■ **Instructions for the task**: Starting with the line that contains "Men's Nike Phantom", copy each line exactly through the end of the listing, and omit all pictures.

■ **Material to process**:

_ _ _ _ _

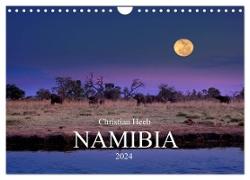 NAMIBIA Christian Heeb (Wandkalender 2024 DIN A4 quer), CALVENDO Monatskalender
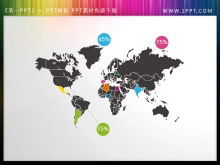 Download di materiale PPT mappa del mondo grigio splendidamente modificabile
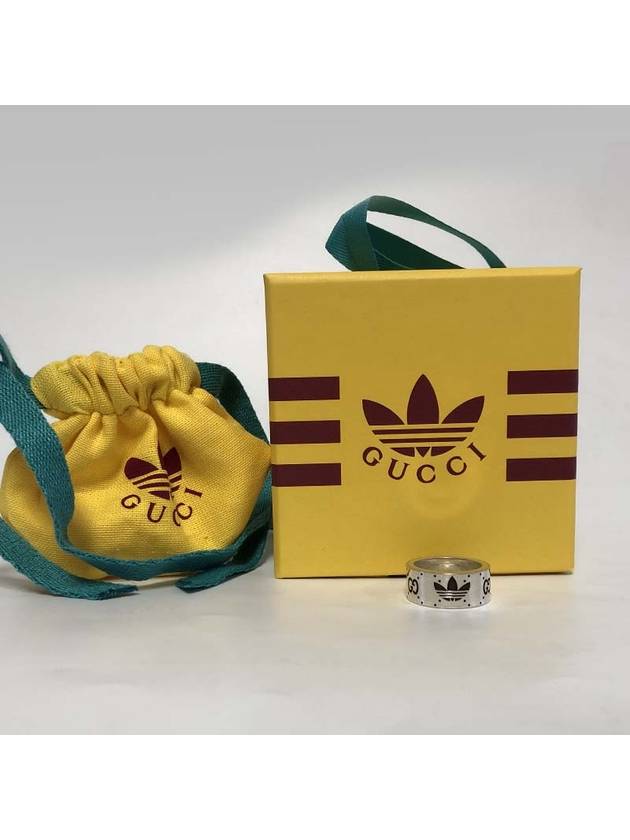 Adidas collaboration silver ring new product 702764 702766 702768 92.5% pure silver - GUCCI - BALAAN 3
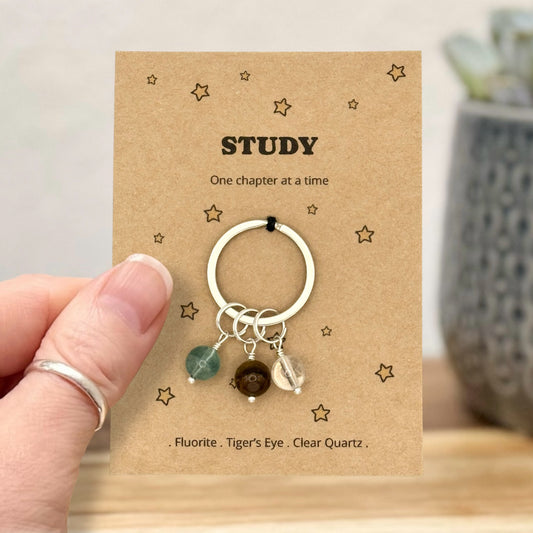 Good Luck Study Keyring Gift, Exam Revision Gift, Driving Test Gift, Student Motivation Keepsake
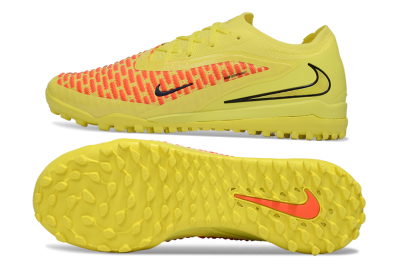 Men's Nike Phantom 6 Low Elite TF Artificial Turf Low-Tops Football Shoes - Yellow/Neon Yellow/Flame Orange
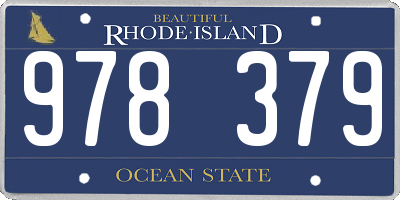 RI license plate 978379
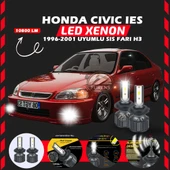 Honda Civic İES 1996-2001 Sis Farı Uyumlu Şimşek Etkili Led Xenon Premium Series H3 thumbnail 7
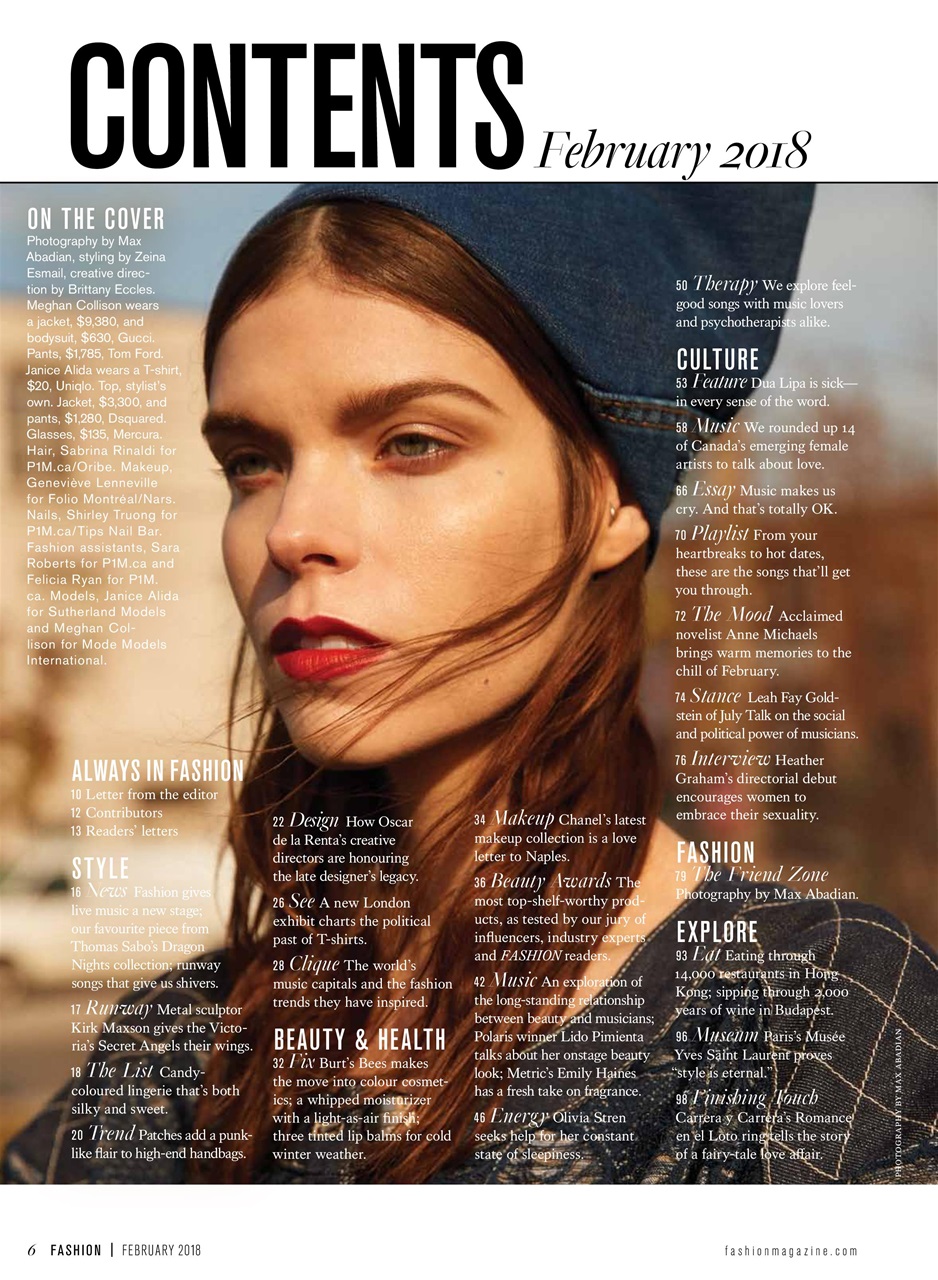 Fashion Magazine Preview Pages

_ _ _ _ _

■ **Result for this exercise**:
 Men's Nike Phantom 6 Low Elite TF Artificial Turf Low-Tops Football Shoes - Yellow/Neon Yellow/Flame Orange
 RI license plate 978379
 Honda Civic İES 1996-2001 Sis Farı Uyumlu Şimşek Etkili Led Xenon Premium Series H3 thumbnail 7
 Fashion Magazine Preview Pages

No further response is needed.